従業員は20名、業種は運輸業で支援前の状況が<長距離運行に従事する担当ドライバーが固定しており、月80時間程度の時間外労働が発生>という事例。

【専門家(社会保険労務士)によるアドバイス(改善策)】

  1. 専属化の解消に向けた提案
  2. 労働者に対する研修の実施
  3. 産保センターの利用勧奨

【支援後の効果】

複数のドライバーで長距離運行が実施に向けた意向確認や人員の再配置の取組を実施。機器の操作方法や労働時間制度に関する研修会実施によって理解度が向上。産保センターを利用して、健康診断結果有所見者に対する医師の面接指導等の対応実施に成功。

事例提供元:「滋賀働き方改革推進支援センター」

5)非正規雇用労働者の処遇改善

従業員は7名(うち、非正規4名)、業種は卸売・小売業で支援前の状況が<正社員と非正社員の処遇に大きな差があり、人手不足もあって正社員に特定の業務が集中。非正社員をキャリアアップさせたい>という事例。

【専門家(社会保険労務士)によるアドバイス(改善策)】

  1. 非正社員のキャリアアップ
  2. 賃金規程の変更
  3. 助成金の活用に向けたアドバイス

【支援後の効果】

賃金規程の変更により、非正社員の時給が20~30円アップ。

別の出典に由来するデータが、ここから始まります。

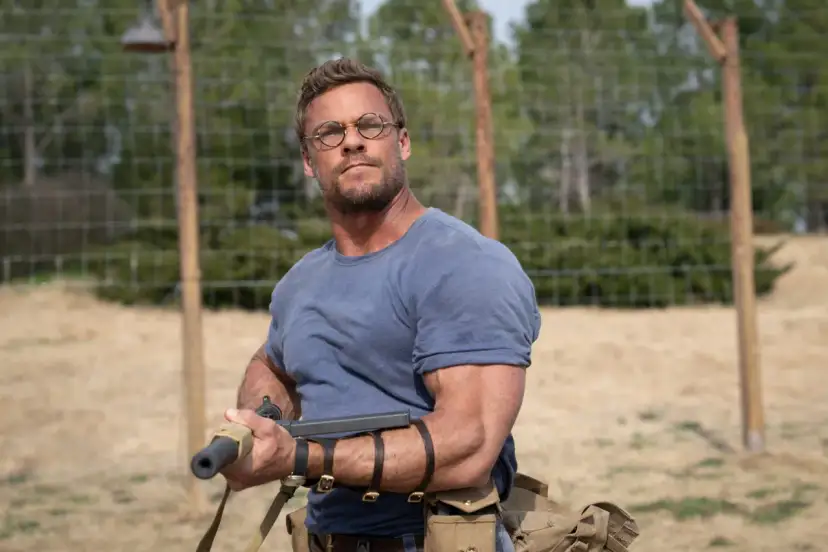 Mężczyzna w okularach i niebieskiej koszulce, uzbrojony, wygląda jakby właśnie wyszedł z Ministerstwa Niebezpiecznych Drani.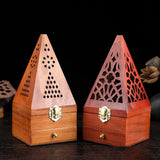 Two wooden pyramid-shaped incense burners with intricate designs on a dark background.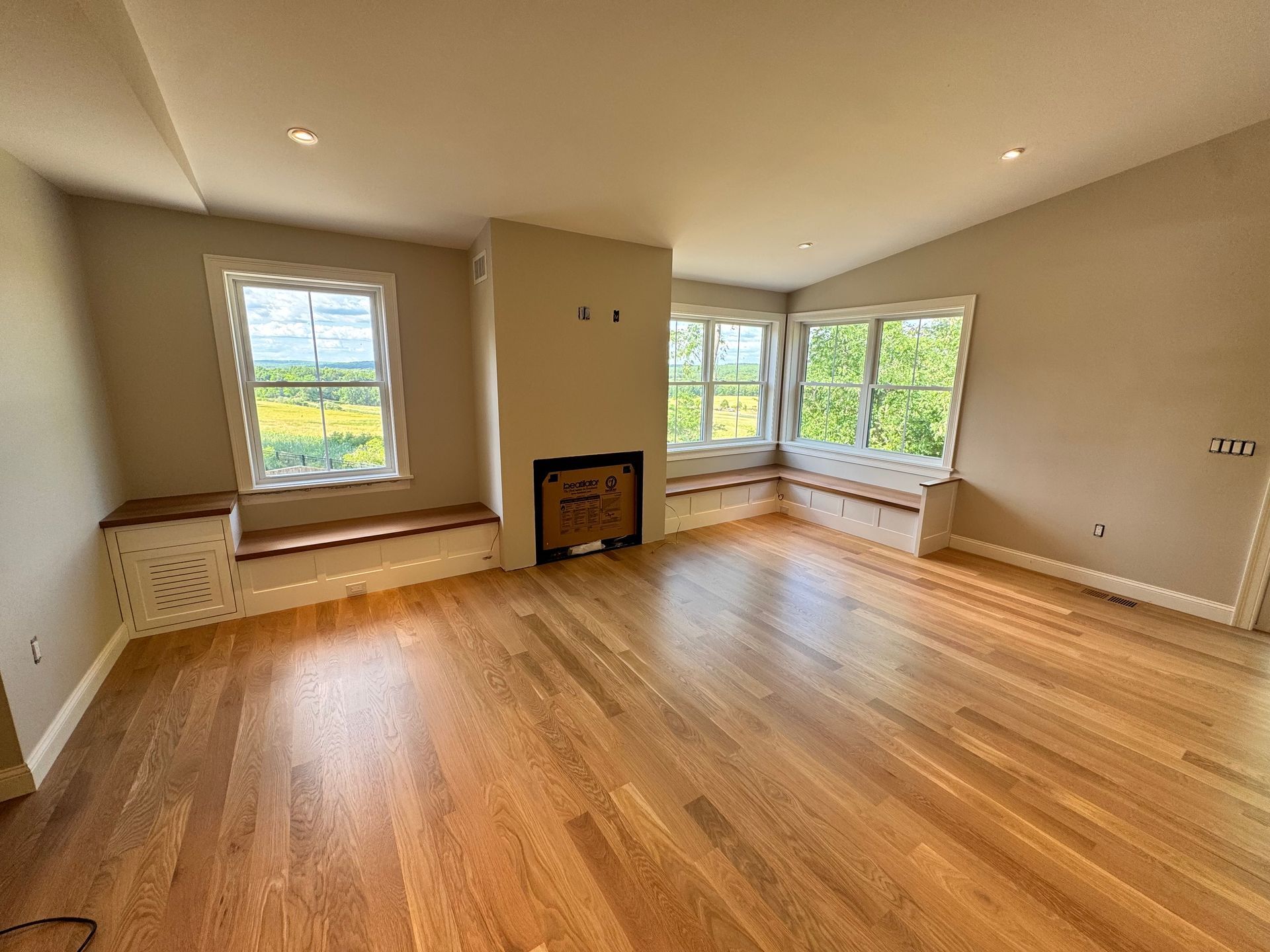 Empty living room with hardwood floors, beige walls, windows, and built-in bench seating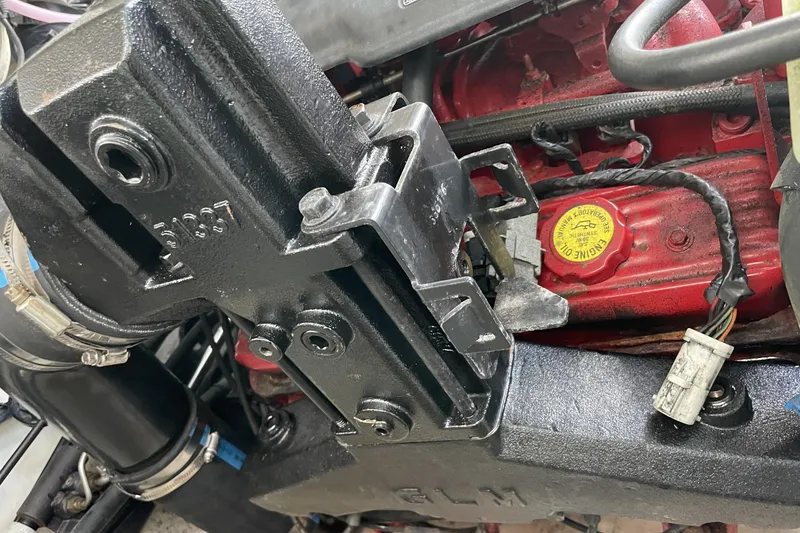 Slide: The Image of Close-up of a 2007 Chaparral 330 Signature engine component with visible oil cap. - 32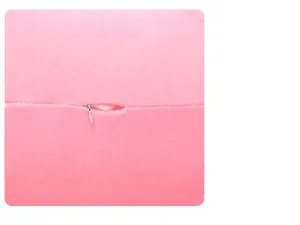 Detailed close-up showing the smooth hidden zipper on a pink plush unicorn doll toy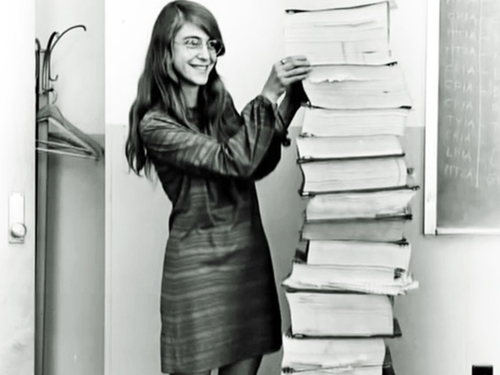 Black and white photo of a young woman standing next to stacked books and papers that are taller than her.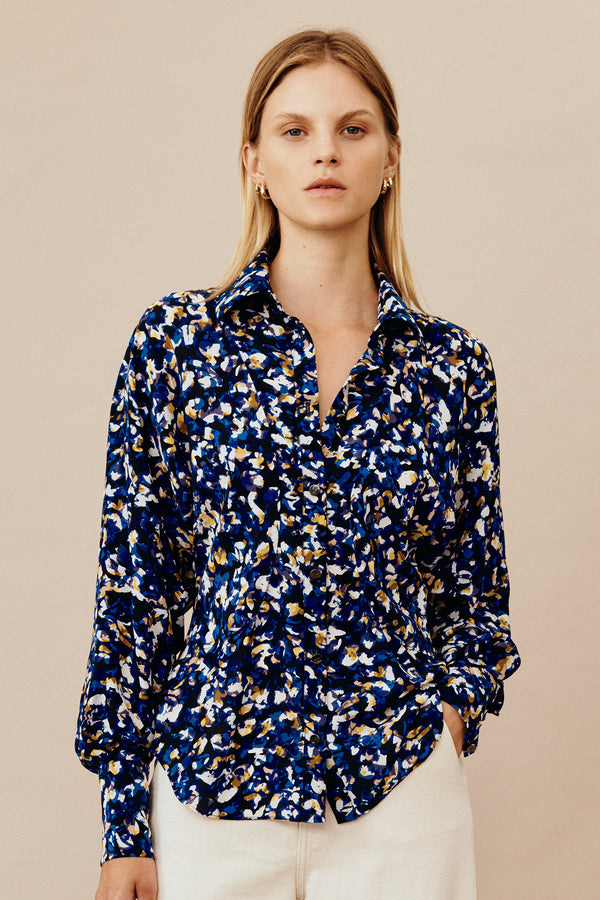 Model wearing Australian fashion designer GINGER & SMARTS' silk Terrazzo Blouse in blue with olivine, navy, and crème terrazzo print featuring a tailored fit with circular waist panels and a sharp collar with a generous sleeve and chic wide cuff.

非正社員のフォークリフト資格取得と正社員へ登用した結果、賃金総額1割アップ(キャリアアップ助成金の活用)。これらの効果によって事務職中心の非正社員が仕事の幅を広げ、特定の正社員の長時間労働が改善され、業務量の偏りが解消しつつある。

事例提供元:「和歌山県働き方改革推進支援センター」。

6)定年後再雇用の賃金規程の見直し

従業員は12名(うち、非正規0名)、業種は製造業で支援前の状況が<定年後の再雇用を希望する者は稀であり、再雇用後の賃金は職務内容が変わらない場合でも原則として一律に減額される規程となっていた。同一労働同一賃金の趣旨に沿った賃金規程に変更したい>という事例。

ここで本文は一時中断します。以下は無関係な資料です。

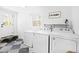 Bright laundry room with washer, dryer, freezer, and checkered tile floor at 947 Manchester Dr, Cary, NC 27511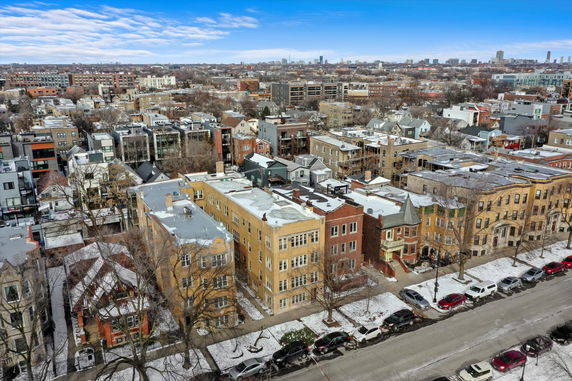 Panoramic view of a residential neighborhood with various buildings and houses.
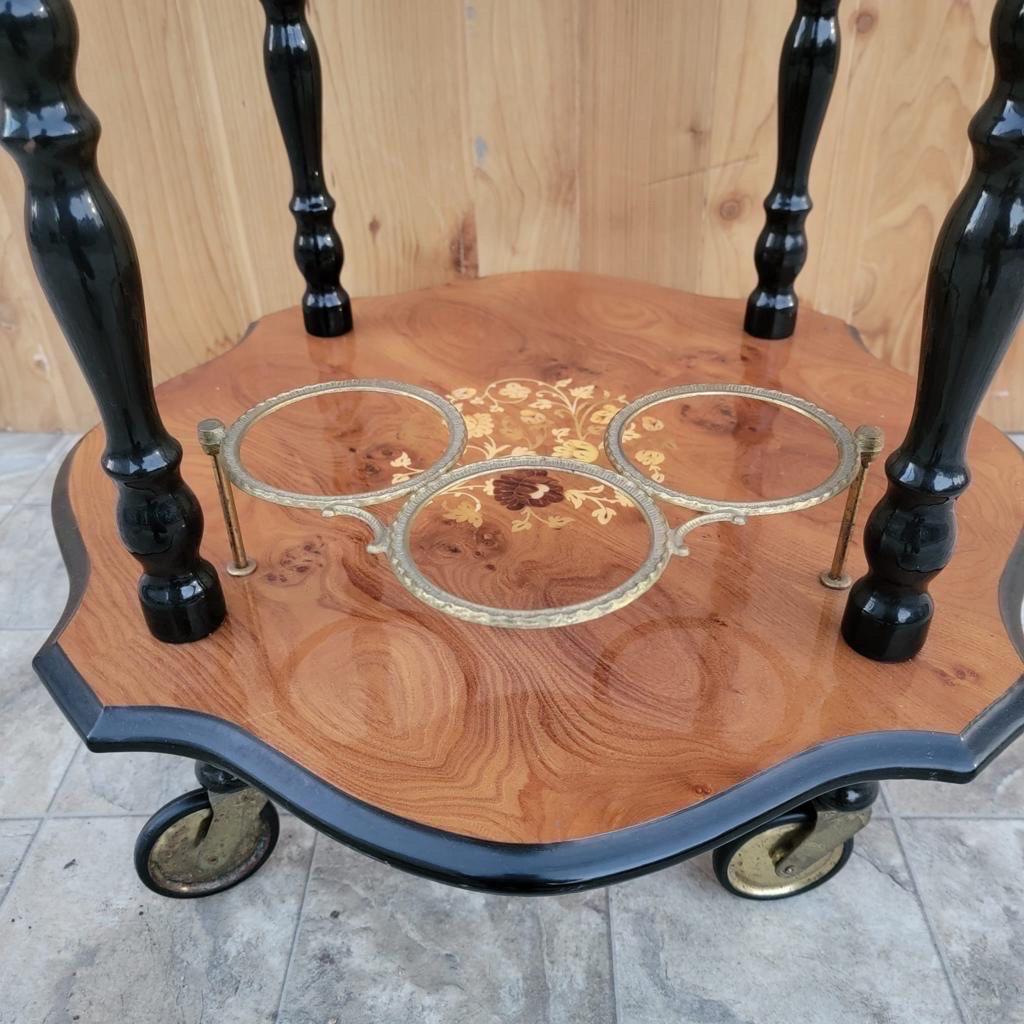Antique Italian Marquetry two-tier coffee/bar cart

Beautiful 1960's Italian bar cart or tea/coffee trolley with inlaid marquetry. Wheels and push handle makes it super easy to move around as needed. Cart has a railed top and a 3-ring bottle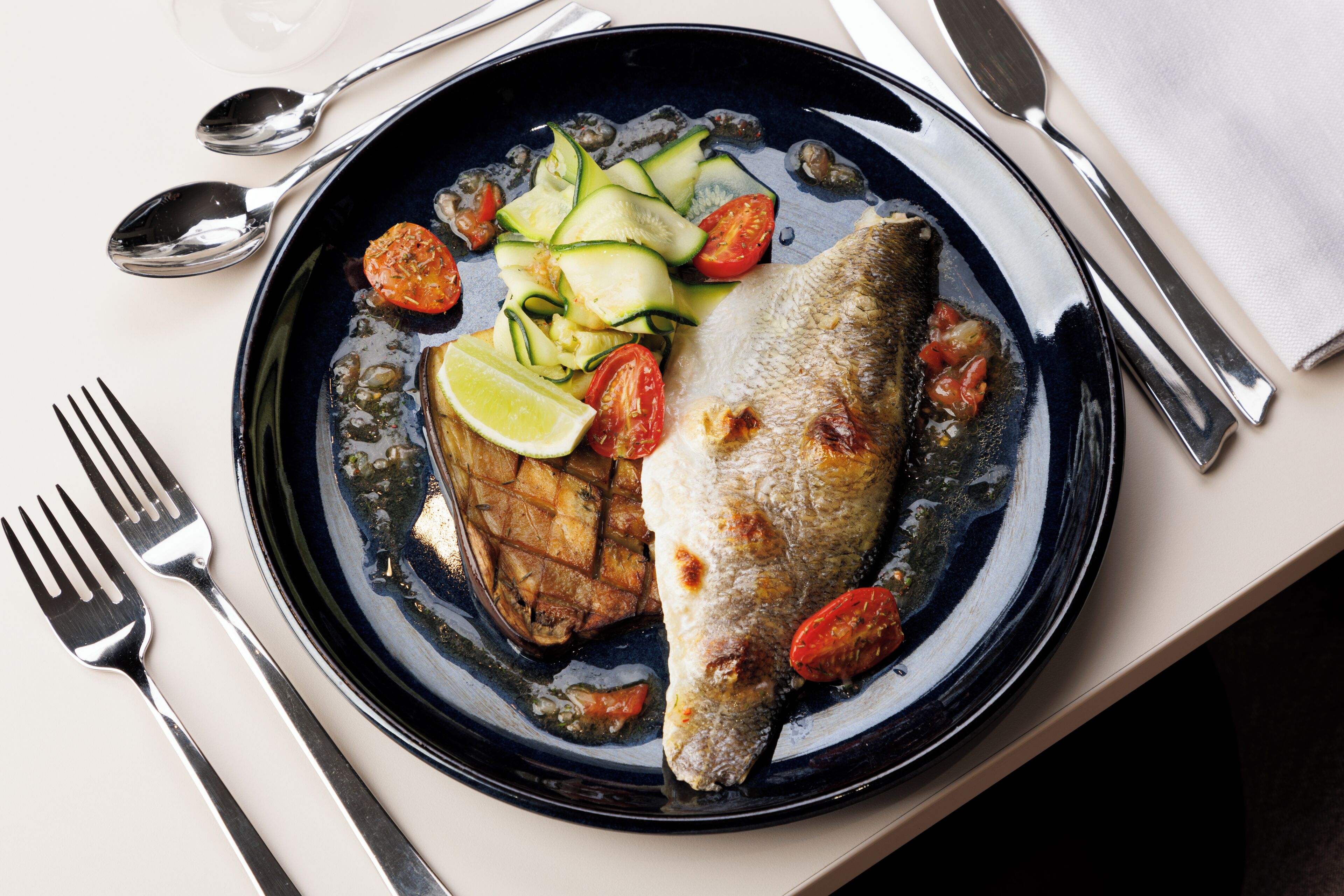 Un plato con pescado a la parrilla, tomates en rodajas y calabacín, acompañado de un gajo de lima.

【専門家(社会保険労務士)によるアドバイス(改善策)】

  1. 同一労働同一賃金の考え方を説明
  2. 職務内容等に応じて個別に待遇を決定する賃金規程を提案

【支援後の効果】

現行の定年後の賃金規程を廃止し、定年後も職務内容、勤続年数、勤務評価等を考慮、個別に待遇を決定する旨の賃金規程を整備。各賃金項目の趣旨に沿って適切な待遇の決定方法を採用したことで、再雇用後の労働者の賃金は基本給10%、賞与25%程度アップを見込めた。